E tuttavia se Meloni ha messo la sua firma su un comunicato, da sinistra, in questo centenario non si ricorda nessuna manifestazione pubblica rilevante, se non un convegno del Gruppo Camera del Pd che è riuscito ad affiancare nello stesso ricordo personalità lontanissime – Enrico Berlinguer, Alcide De Gasperi e Giacomo Matteotti – unite dalla condivisione di anniversari sia pure sfalsati.  Un eclettismo impermeabile alle ragioni della storiografia, che ha avuto una replica in occasione della discussione alla Camera seguita all’aggressione del deputato pentastellato Leonardo Donno da parte di onorevoli di centro-destra. Esponenti del Pd, per stigmatizzare l’aggressione, sono arrivati ad evocare Matteotti, che però – come è noto – era stato assassinato. Da destra si è replicato, invocando la natura “riformista” del socialista Matteotti, contrapposta al massimalismo attuale del Pd e quel punto la “frittata” era fatta: una reciproca, cinica strumentalizzazione di Matteotti.

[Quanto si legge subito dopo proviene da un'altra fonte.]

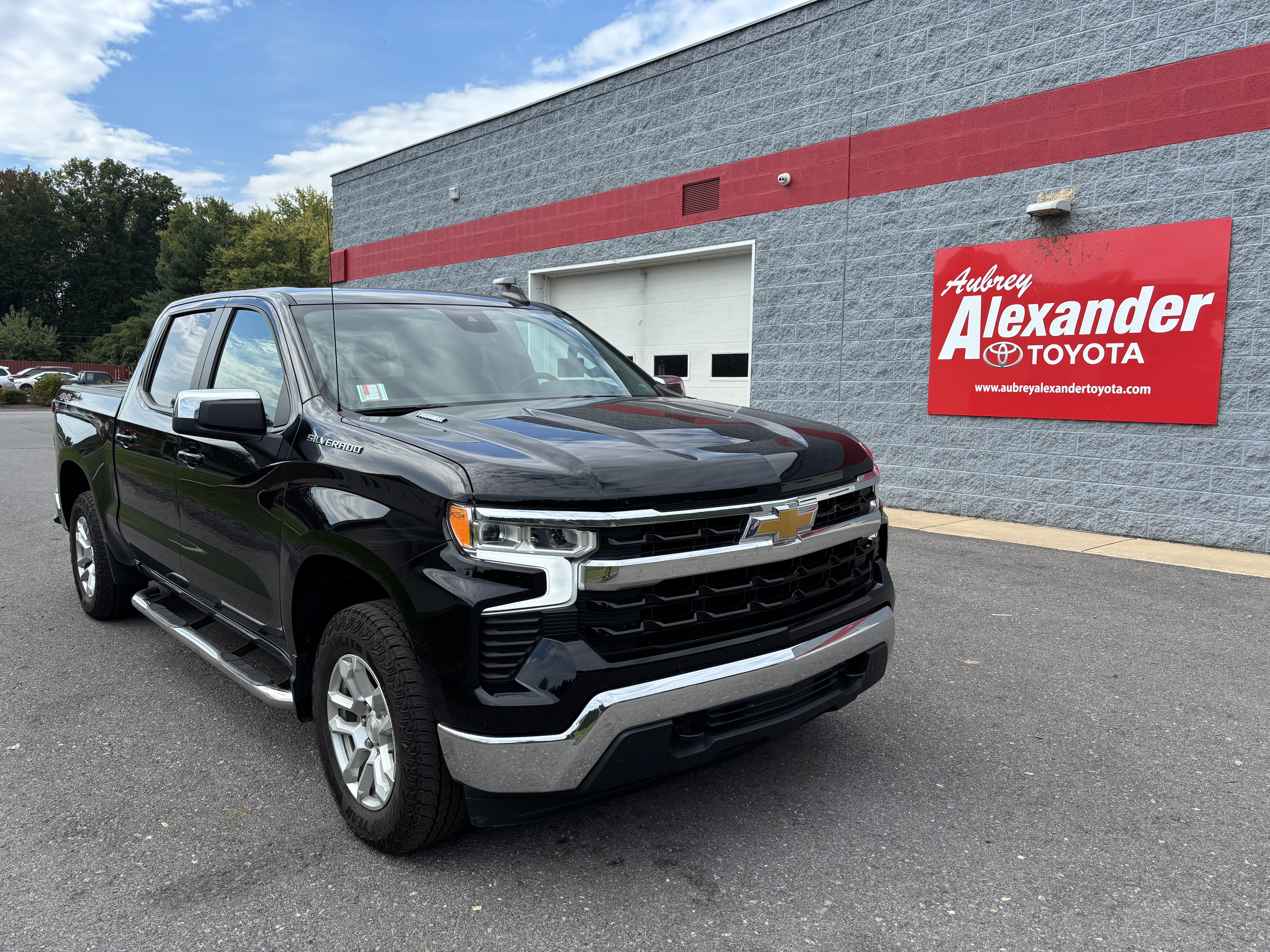 Used 2024 Chevrolet Silverado 1500 LT AWD/4WD image 1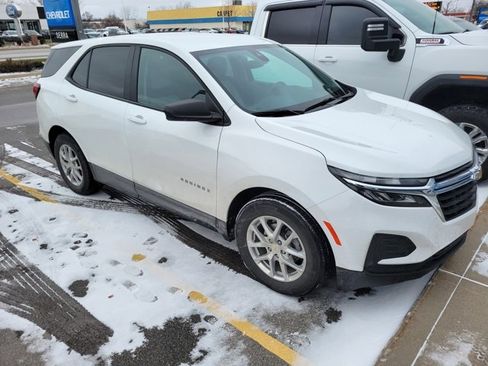 Used 2022 Chevrolet Equinox LS w/ LS Convenience Package image 2
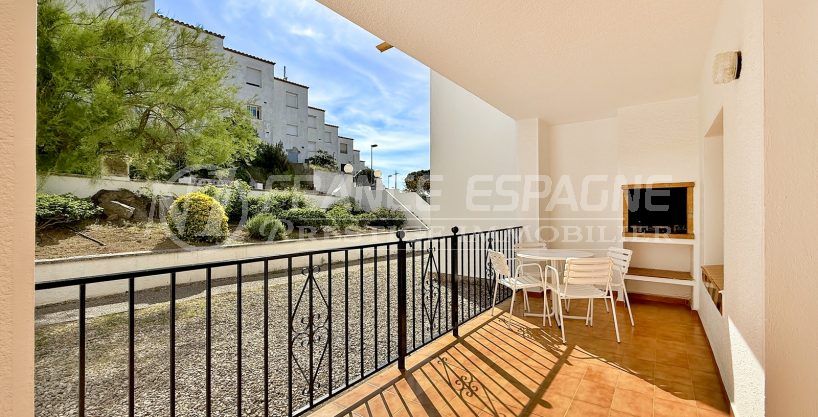 appartement ensoleillé roses 2 pièces 34 m², terrasse couverte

E tuttavia la partecipazione fredda del mondo politico (e della Rai) è stata compensata in questi mesi da un notevole apporto saggistico e storiografico: sono usciti ben 32 libri, diversi dei quali hanno colmato vuoti di lunga durata. Nei cento anni seguiti al delitto, la morte aveva oscurato la vita di Giacomo Matteotti. Una morte troppo violenta per non diventare memorabile, ma che al tempo stesso ha finito per velare tutto ciò che Matteotti aveva fatto e detto prima di essere assassinato. Personaggio celebrato come pochi altri – ovunque strade, piazze e ponti – ma al tempo stesso sconosciuto nella sua vera identità politica ed umana: quella di un socialista intransigente sì, ma nella scelta riformista.

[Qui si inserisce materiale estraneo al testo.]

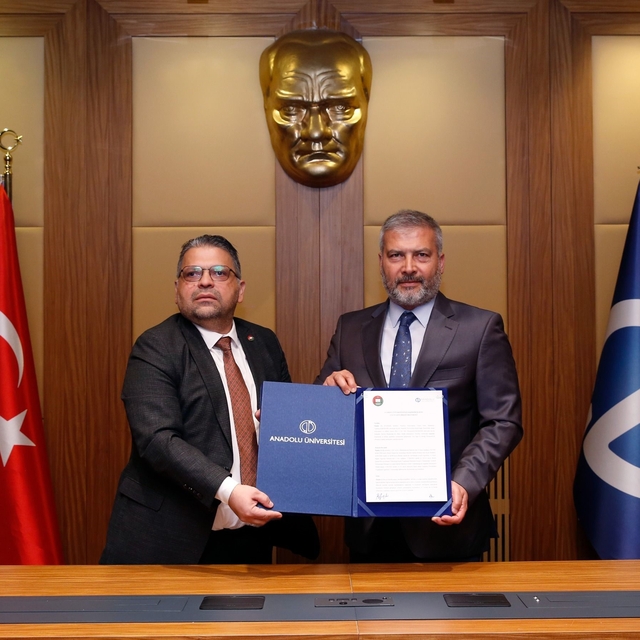 Anadolu Üniversitesi ile Eskişehir Barosu arasında iş birliği protokolü imz...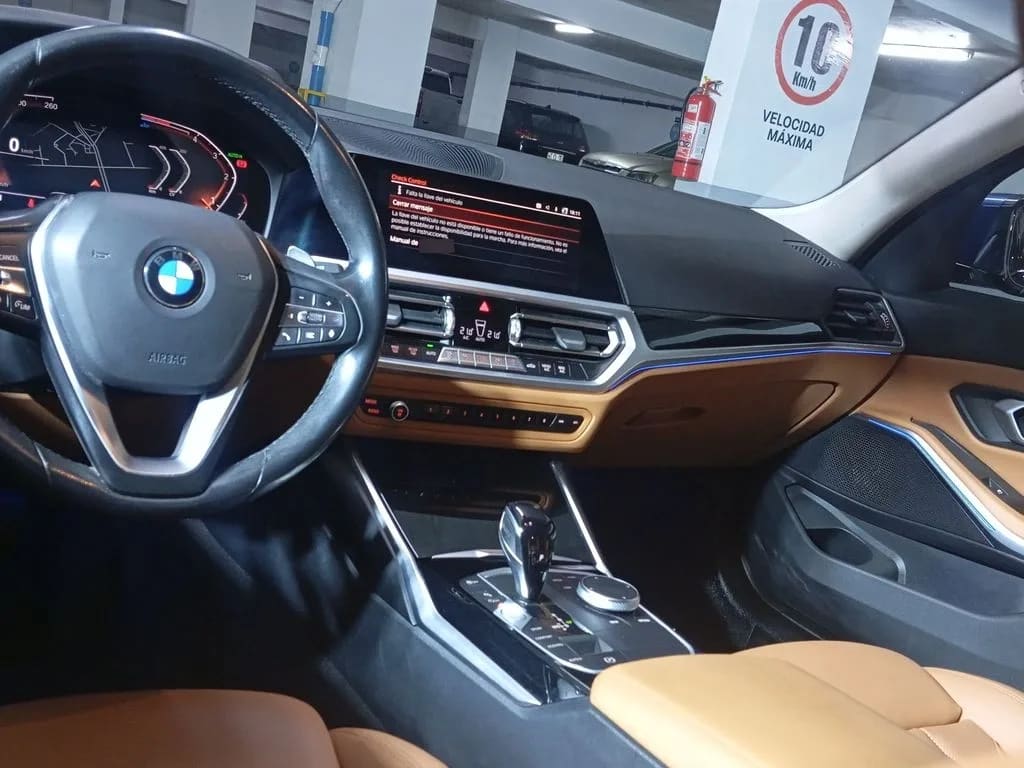 BMW 320d 2.0 I Urban Lci At Diesel año 2022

La definizione chiara dell’identità di Matteotti e delle ragioni della sua eliminazione è stata data dal professor Emilio Gentile, nella cerimonia della Camera: “A cento anni dall’assassinio di Giacomo Matteotti si conoscono esecutori, mandanti e moventi”. E dunque se il mandante fu Mussolini, il movente invece fu tutto politico, anche perché le ipotizzate concause – chiudere la bocca a Matteotti prima che denunciasse uno scandalo legato al petrolio – non hanno mai trovato prove storiche convincenti e anzi alcuni studi recenti l’hanno vieppiù indebolita.

E d’altra parte Matteotti nella difesa dello Stato liberale, fu più liberale dei liberali (Einaudi, Giolitti, Croce votarono la fiducia al primo governo Mussolini, dopo la marcia su Roma) e al tempo stesso fu tacciato di legalitarismo dai comunisti: “Per Matteotti – ha detto Gentile – la libertà veniva prima di tutto, a differenza dei comunisti, da lui visti come “complici involontari del fascismo”. E infatti i comunisti. da Gramsci a Togliatti, dileggiarono Matteotti, da vivo e anche da morto.

E allora ecco il punto: Giacomo Matteotti è stato un personaggio assai anticonformista, scomodo per tanti quando visse. Ma oggi misurarsi con lui continua ad essere faticoso per tanti, costringe a chiudere conti restati aperti. Ai nostalgici del fascismo ricorda che il regime duro e violento iniziò negli anni Venti e non con le leggi razziali. Alla sinistra ricorda che la natura violenta del bolscevismo poteva essere compresa dai suoi contemporanei, che il riformista di sinistra è quello che sa chiudere un accordo sindacale, che invita a non sfondare i bilanci pubblici, che detesta la retorica e la demagogia.

Carlo Rosselli, per spiegare la violenza omicida così mirata sul segretario del Partito socialista unitario scrisse che i fascisti furono esasperati del metodo di Matteotti: “Quando affermava, provava”. E sempre Rosselli, da quella lezione estrasse un programma di lunga durata: “Mussolini ha indicato all’antifascismo quali debbono essere le sue preoccupazioni supreme: il carattere; l’antiretorica; l’azione”. Parole che in questa fase politica sembrano cadere nel vuoto ma che ci fanno capire perché, cento anni dopo, Giacomo Matteotti sia una personalità ingombrante. Per tanti.